History Center hoping for cannon at Ft. Wilkins

COPPER HARBOR — Spring 2019 will mark 175 years since Capt. Robert Clary and his men arrived and constructed Fort Wilkins, and the Fort Wilkins Natural History Association (FWNHA) is helping the Michigan History Center celebrate with a bang.

“The Michigan History Center would like to celebrate the dodransbicentennial by purchasing a reproduction 1840s six-pounder cannon,” said Barry James, historian with the MHC, and Michigan Iron Industry Museum. “Although a smaller version of the one on the parade ground, it will represent the time period when the fort was built in 1844.”

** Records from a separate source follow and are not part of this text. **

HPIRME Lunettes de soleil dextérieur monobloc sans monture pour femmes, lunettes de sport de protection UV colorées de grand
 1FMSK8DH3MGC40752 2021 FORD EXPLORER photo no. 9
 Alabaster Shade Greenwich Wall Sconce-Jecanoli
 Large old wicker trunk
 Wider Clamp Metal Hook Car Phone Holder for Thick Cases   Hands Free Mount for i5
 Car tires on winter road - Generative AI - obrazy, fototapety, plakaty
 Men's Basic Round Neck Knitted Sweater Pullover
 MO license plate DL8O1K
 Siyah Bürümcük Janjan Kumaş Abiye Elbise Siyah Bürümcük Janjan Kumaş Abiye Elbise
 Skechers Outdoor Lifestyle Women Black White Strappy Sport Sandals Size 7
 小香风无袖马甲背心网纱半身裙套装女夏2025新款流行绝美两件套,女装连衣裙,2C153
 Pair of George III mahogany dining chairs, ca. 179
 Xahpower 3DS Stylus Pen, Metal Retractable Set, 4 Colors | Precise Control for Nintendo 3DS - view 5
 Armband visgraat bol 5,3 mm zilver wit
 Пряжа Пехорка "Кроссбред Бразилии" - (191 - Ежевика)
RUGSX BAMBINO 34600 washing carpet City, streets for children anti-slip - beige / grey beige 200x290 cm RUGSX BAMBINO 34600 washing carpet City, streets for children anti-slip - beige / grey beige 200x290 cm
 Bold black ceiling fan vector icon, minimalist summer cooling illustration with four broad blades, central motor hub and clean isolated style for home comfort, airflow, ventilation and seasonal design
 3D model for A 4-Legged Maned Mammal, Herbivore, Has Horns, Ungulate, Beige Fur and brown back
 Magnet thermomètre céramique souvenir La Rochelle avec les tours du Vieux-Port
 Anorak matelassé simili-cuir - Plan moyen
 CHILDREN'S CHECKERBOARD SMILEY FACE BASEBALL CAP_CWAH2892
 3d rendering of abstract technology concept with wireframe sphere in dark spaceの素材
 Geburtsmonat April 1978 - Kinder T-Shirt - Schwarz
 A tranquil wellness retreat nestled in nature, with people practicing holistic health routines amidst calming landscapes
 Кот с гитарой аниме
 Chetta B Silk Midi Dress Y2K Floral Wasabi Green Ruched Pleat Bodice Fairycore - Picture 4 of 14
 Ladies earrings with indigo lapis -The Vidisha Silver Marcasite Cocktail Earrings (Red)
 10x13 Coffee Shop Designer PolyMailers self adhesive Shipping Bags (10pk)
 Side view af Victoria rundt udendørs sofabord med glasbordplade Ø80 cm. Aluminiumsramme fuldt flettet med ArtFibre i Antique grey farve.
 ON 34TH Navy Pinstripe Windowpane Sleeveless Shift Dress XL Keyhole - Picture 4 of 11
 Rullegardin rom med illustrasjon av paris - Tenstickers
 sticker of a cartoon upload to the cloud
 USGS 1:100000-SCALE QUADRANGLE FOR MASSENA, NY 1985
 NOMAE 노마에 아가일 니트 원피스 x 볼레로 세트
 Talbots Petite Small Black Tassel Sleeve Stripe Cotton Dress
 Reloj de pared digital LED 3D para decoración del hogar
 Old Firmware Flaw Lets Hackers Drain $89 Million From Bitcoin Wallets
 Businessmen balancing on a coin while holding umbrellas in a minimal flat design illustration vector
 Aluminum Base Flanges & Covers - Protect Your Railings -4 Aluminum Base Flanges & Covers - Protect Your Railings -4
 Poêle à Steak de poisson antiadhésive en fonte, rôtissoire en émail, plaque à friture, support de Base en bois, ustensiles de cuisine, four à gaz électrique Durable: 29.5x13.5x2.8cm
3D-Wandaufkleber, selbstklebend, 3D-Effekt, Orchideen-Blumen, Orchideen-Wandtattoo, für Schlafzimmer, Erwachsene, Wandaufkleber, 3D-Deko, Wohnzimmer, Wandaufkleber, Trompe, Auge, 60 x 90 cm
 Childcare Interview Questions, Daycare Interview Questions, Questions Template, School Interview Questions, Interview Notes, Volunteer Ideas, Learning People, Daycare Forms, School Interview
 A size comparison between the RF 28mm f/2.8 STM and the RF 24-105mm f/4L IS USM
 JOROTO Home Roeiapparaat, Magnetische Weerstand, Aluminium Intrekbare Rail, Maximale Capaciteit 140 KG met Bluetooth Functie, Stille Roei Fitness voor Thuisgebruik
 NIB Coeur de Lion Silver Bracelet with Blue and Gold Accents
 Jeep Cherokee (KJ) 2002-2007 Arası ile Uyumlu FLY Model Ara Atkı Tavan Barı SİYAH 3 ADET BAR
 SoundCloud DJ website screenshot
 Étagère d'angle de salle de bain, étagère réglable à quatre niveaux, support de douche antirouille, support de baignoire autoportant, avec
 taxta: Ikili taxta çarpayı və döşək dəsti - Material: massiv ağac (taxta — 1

Fort Wilkins was militarily occupied twice: from 1844-1846 by two companies of the Fifth United States Infantry Regiment, and again from 1867-1870 by two companies of the Second Reserve Corps.

When Clary was ordered to Copper Harbor in the spring of 1844, he was ordered to take with him two six-pounder cannons, with all accoutrements, plus powder and balls. The cannons he brought were the Model 1841 field gun designed by the U.S. Army Ordinance Department in in that year. During the Mexican War, the 1841 Model proved itself in maneuvering and firing, and was considered a very reliable weapon, with a weight of 850 pounds.

During the second occupation, four cannons were brought to the fort by the SRC, all of them Model 1857 12-pounder field pieces. In 1994, in observance of the fort’s sesquicentennial, the Michigan History Center purchased a full-scale museum quality replica reproduction Model 1857 12-pounder, such as those at the fort. This replica replaced a reduced-scale four-pounder Mountain Howitzer that was never present at the fort.

The acquisition of a full-scale six-pounder cannon for exhibit near the flag stand will enhance the historical accuracy and visual symmetry on the parade ground, and together with the present cannon, will reflect the armament of the fort during both occupations.

To help with the purchase of the $15,000 Model 1841 cannon, the FWNHA is encouraging and accepting donations to the project.

“All donations will go to the fort’s friends group,” said James, “and the FWNHA will match dollar for dollar all donations toward this project.”

Most Model 1841s were cast in bronze, but others were cast in iron. But due to the climate in the Copper Country, the MHC would like to purchase either a blue steel or grey iron for this piece, James said.